TASK DIRECTIONS:
Write out the data exactly from its first line onward, ending with the line in which "Lululemon Scuba High-Rise" appears.

DATA PROVIDED:
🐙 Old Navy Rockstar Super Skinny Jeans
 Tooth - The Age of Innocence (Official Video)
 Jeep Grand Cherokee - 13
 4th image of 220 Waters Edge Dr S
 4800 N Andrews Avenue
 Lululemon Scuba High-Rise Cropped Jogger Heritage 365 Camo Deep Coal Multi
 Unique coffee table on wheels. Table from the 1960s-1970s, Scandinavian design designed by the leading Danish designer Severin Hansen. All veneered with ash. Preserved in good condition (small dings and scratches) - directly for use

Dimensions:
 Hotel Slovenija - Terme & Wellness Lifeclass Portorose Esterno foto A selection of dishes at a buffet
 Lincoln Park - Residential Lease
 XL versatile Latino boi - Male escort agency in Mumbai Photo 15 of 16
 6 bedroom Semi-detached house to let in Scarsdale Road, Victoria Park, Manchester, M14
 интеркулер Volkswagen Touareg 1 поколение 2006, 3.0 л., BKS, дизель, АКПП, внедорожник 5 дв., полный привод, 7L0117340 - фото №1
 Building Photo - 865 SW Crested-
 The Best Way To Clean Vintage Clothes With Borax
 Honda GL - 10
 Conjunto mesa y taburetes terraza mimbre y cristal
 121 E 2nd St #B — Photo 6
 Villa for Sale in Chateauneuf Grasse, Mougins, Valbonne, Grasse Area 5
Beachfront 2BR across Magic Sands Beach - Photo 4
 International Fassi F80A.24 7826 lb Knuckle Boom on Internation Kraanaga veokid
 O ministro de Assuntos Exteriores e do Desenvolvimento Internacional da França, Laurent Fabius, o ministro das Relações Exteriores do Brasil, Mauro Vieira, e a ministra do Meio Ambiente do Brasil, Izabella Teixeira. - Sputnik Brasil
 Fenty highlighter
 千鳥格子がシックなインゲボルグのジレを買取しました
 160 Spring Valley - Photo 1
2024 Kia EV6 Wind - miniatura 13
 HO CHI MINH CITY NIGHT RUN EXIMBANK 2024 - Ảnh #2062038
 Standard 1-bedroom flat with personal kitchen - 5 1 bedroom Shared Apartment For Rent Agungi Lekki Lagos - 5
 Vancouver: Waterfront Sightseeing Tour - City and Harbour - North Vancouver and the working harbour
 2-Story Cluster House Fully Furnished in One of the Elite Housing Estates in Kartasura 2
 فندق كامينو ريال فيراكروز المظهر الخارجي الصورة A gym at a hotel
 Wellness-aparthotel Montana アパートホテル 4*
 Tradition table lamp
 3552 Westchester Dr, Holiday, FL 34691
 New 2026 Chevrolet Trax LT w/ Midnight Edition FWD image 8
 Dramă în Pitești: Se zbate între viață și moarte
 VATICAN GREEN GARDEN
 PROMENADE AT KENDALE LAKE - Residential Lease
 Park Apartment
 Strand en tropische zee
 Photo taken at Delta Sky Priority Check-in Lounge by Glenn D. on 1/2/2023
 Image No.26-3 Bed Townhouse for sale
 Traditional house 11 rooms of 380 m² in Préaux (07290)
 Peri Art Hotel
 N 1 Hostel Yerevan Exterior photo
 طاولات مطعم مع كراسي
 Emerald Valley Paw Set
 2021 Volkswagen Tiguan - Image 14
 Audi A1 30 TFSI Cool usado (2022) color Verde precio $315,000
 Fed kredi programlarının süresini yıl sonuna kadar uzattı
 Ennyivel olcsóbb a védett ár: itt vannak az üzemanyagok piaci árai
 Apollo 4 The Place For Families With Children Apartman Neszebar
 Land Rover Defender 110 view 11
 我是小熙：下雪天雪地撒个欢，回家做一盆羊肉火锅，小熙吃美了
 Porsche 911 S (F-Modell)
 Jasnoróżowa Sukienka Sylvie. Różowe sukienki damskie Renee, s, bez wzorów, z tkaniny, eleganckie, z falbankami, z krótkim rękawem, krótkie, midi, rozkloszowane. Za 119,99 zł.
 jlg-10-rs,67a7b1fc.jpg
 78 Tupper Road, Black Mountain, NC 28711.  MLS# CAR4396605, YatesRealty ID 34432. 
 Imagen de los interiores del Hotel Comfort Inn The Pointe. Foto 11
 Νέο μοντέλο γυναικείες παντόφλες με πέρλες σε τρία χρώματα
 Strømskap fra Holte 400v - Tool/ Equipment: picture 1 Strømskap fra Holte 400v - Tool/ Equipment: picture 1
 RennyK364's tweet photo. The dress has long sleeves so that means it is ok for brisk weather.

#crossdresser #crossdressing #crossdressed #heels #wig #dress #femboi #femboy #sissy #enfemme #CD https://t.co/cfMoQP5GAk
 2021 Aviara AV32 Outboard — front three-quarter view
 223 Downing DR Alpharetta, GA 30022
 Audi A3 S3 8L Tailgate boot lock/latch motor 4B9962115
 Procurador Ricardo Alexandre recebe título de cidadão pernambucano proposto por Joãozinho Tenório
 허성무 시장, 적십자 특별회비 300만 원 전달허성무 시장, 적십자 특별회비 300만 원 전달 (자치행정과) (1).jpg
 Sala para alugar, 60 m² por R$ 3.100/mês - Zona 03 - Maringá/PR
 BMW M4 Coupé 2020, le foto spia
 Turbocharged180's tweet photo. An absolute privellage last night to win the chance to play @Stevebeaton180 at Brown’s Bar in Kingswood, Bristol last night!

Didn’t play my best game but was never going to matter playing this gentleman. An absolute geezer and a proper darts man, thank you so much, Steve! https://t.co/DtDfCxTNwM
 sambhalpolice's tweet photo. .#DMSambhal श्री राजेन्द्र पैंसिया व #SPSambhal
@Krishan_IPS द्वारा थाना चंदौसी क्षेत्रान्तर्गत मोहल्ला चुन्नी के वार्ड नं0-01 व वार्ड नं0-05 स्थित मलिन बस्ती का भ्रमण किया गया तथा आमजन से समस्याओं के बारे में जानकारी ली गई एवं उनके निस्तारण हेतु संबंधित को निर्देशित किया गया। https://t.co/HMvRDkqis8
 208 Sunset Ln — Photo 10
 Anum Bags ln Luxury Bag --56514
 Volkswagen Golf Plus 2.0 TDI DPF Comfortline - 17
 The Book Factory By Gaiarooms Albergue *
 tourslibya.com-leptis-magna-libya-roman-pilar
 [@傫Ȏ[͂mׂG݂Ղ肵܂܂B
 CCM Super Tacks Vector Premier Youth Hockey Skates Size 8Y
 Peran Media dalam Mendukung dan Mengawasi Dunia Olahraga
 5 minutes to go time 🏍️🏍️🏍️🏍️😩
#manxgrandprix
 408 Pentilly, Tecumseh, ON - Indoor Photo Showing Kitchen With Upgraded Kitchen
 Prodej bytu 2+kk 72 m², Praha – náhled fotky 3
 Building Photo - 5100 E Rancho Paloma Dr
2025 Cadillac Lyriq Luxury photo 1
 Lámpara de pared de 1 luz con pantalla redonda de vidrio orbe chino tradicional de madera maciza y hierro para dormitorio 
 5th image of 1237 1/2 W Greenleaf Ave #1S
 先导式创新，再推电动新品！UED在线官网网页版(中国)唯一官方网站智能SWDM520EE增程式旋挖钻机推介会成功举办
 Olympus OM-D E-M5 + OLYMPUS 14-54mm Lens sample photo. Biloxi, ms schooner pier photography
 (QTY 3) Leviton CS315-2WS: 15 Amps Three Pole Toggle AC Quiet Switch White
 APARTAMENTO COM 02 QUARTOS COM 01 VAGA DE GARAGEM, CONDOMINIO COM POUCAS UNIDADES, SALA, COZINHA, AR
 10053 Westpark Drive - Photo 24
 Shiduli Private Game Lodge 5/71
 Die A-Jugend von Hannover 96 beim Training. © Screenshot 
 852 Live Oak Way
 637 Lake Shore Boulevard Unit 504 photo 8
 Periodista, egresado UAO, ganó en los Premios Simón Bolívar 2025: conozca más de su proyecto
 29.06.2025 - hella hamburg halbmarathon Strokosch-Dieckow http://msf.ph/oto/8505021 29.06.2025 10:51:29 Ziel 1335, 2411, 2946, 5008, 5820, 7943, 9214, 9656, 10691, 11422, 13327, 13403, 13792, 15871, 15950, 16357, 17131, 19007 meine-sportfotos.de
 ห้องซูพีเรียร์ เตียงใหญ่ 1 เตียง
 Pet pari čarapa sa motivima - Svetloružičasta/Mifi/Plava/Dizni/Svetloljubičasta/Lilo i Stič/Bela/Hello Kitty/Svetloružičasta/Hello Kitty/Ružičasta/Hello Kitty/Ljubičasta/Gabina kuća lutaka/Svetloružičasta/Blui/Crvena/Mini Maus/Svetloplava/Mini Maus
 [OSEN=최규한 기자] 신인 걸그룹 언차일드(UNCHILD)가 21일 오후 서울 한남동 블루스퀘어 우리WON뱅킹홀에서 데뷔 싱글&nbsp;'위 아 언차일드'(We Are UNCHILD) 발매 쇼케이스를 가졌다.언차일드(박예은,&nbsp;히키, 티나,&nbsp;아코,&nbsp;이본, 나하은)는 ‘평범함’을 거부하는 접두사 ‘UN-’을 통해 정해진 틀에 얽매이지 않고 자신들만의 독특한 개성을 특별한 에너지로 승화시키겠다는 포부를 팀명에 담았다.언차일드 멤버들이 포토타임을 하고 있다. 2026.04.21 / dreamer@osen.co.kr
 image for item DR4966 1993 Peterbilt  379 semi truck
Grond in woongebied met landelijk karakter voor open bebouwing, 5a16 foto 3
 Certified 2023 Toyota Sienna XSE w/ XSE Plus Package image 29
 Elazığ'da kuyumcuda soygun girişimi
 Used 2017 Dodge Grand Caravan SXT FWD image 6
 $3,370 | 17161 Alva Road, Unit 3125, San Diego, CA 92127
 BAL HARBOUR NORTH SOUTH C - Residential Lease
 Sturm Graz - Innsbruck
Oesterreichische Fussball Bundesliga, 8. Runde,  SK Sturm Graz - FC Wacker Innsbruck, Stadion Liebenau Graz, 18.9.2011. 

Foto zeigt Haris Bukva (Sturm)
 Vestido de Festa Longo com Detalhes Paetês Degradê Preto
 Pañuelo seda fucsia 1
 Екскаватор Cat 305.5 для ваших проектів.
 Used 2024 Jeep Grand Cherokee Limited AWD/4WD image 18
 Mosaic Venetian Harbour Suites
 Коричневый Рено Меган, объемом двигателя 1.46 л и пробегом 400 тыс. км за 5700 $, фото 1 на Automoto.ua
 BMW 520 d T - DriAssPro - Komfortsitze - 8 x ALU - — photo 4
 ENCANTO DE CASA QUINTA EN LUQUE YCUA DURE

RESPONSE TO THE TASK:
🐙 Old Navy Rockstar Super Skinny Jeans
 Tooth - The Age of Innocence (Official Video)
 Jeep Grand Cherokee - 13
 4th image of 220 Waters Edge Dr S
 4800 N Andrews Avenue
 Lululemon Scuba High-Rise Cropped Jogger Heritage 365 Camo Deep Coal Multi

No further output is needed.